I wrote an article for this Sunday’s New York Times Magazine about the grey zone between coma and consciousness. Stories like this one are always hard, because there are so many crucial dimensions to the subject and so little room to do justice to them all. For example, I couldn’t even begin to explain how the research I describe in the article–using PET and MRI scans to measure the brain activity in people with traumatic brain injuries–is a beautiful reverse twist on some of the most famous research ever done on the brain: the nineteenth century doctor Pierre Paul Broca’s discovery of a region of the brain dedicated to speech.

In 1861 Broca (1824-1880) treated a man who had suffered a stroke that robbed him of his ability to say anything except the word “Tan.” (He said it so much that he was nicknamed Tan.) Despite this devastating blow to his faculty of language, he could still understand the speech of other people. After Tan’s death, Broca autopsied his brain to find exactly what part of the brain had been damaged. It turned out that the stroke had destroyed part of Tan’s left frontal lobe. Broca looked at other patients with the same condition (known as aphasia), and found that they too suffered damage in the same area–what came to be known as “Broca’s area.”

It’s hard to convey just how important this discovery was. As I explain in my book Soul Made Flesh, the idea that different faculties were the responsibility of different parts of the brain was first proposed in 1664 by the English physician Thomas Willis. Willis did some crude experiments to show that this was true (destroying nerves and bits of brain in dogs and waiting to see if they died), but there was a lot of resistance to the idea well into the 1800s. If you took this idea too far, you’d wind up with a brain that carried out all of the operations of the mind in different regions, like the gears in a clock. This was a threat to the traditional concept of the rational soul. To divide the soul was to deny it.

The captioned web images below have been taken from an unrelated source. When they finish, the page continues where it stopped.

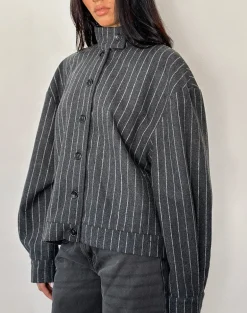 Lastika Jacket in Charcoal Pinstripe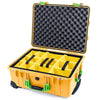 Pelican 1560 Case, Yellow with Lime Green Handles & Latches Yellow Padded Microfiber Dividers with Convolute Lid Foam ColorCase 015600-0010-240-300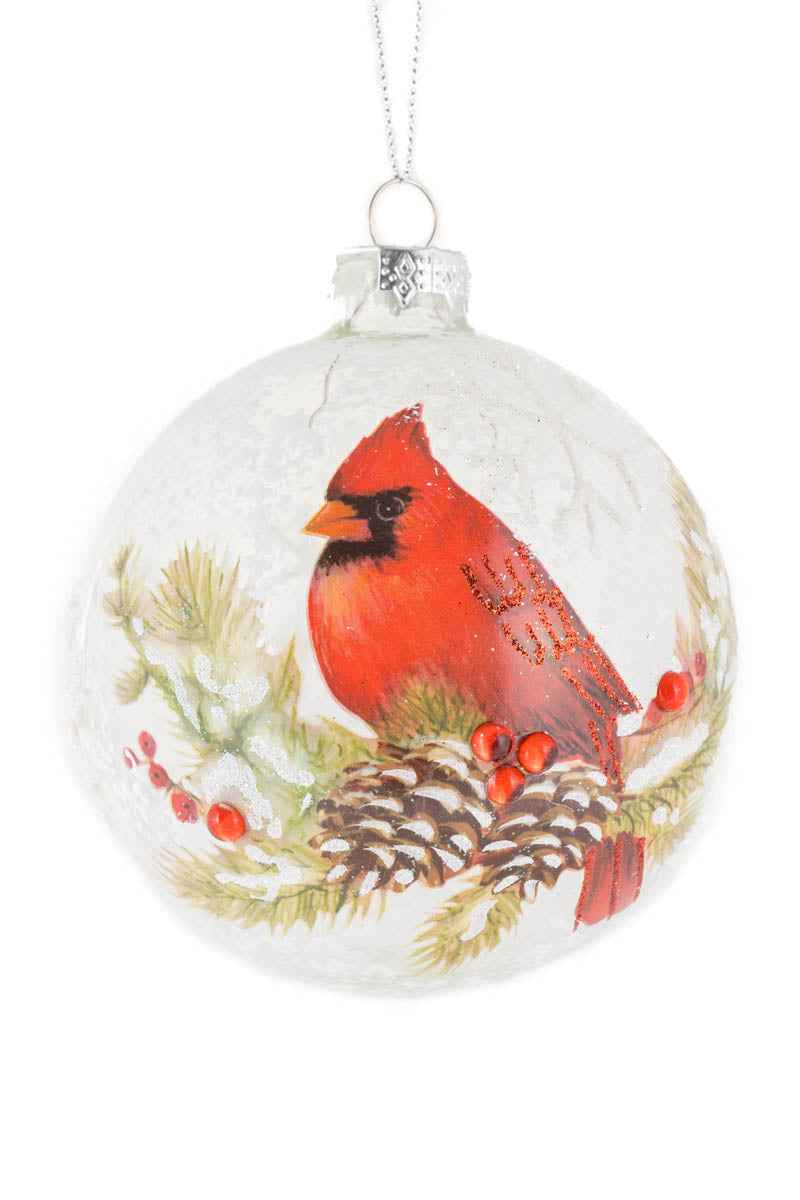 4.5" Frosted Hanging Clear and White Glass Ball Ornament with Cardinal
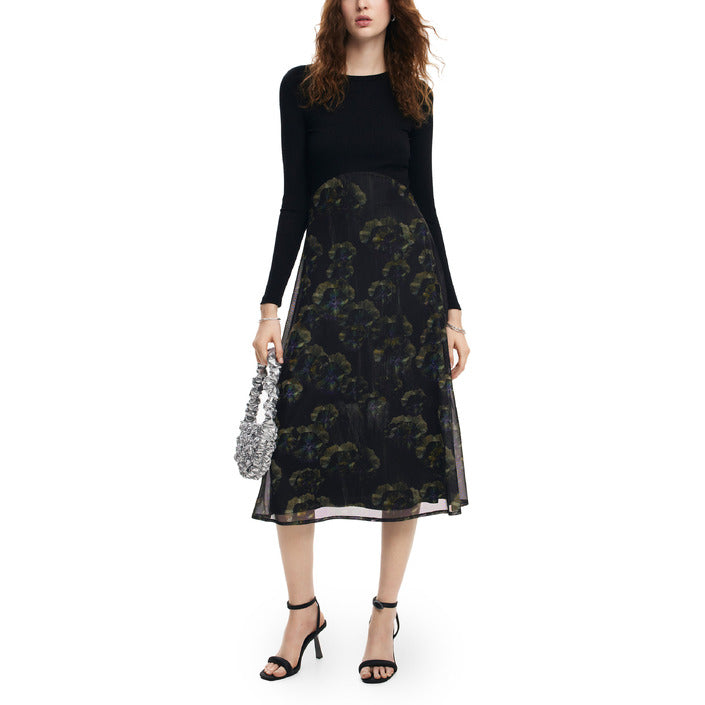 Desigual Long Sleeve Lined A-Line Midi Dress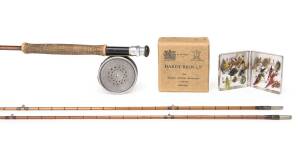 HARDY BROTHERS: "The Perfect" fly fishing reel in original box with "Perfection" split cane rod and extra tip in Hardy Brothers canvas cover and metal cargo case, together with a selection of flies.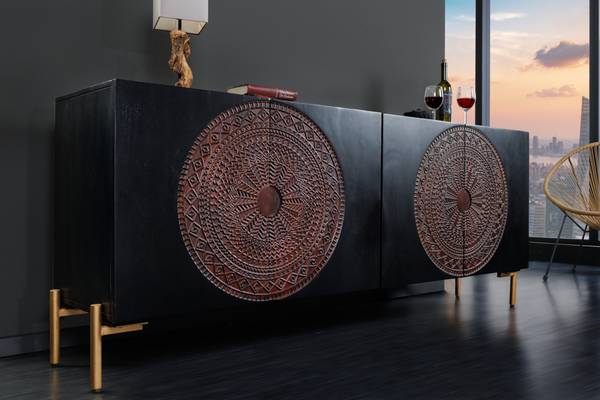 Sideboard MANDALA Schwarz - Braun - Mango - 160 x 76 x 38 cm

In the late 1700s Franz Gall put a new spin on Willis’s ideas with a theory that came to be known as phrenology. Gall had some pretty wild ideas about how you could tell which faculties a given area of the brain was responsible for–such as studying the bumps on people’s heads. But Gall was also an excellent anatomist, and Broca respected his ideas. And in 1861 Broca found the real evidence for the “modularity” of the mind that Gall had been searching for. Tan’s stroke was like a natural experiment, shedding light on the precise function of Broca’s area by knocking it out. A few years later, the German neurologist Karl Wernicke used the same approach to find a second region of the brain that played a different role in language. He studied a stroke victim who could talk freely, but made little sense, and couldn’t understand what other people said. That area is now known as Wernicke’s area.

Last year Nicholas Schiff of Cornell Weill Medical School and his colleagues, whom I profile in my NYTM piece, offered a modern twist on Broca’s work. As they reported in the journal Brain, they took PET scans of people in chronic vegetative states. That means that after some devastating brain injury or disease, these people stopped showing any of awareness–although they might undergo some disconcerting reflex actions, such as opening their eyes and closing them in a sleep-wake cycle, or even making noises or moving their limbs.

One of the most astonishing cases Schiff’s team studied was a woman who had been in a vegetative state for 25 years. Every few days she let out a curse. The scientists used PET to measure how much energy her brain was using, and where that energy was being used. It turned out that practically all her cerebral cortex–the outer layer of the brain that is required for complex human thought–was shut down cold. You see the same readings in the PET scan of a healthy person under anesthesia. But in a few small regions of her cortex, the neurons were burning energy at levels much closer to that of a conscious person. One of those areas was Broca’s.

Broca discovered what happened to the mind if one part of the brain was destroyed. You get a conscious man who cannot speak. Schiff discovered what happens if that one part is just about all that’s left. You get an unconscious woman who utters words.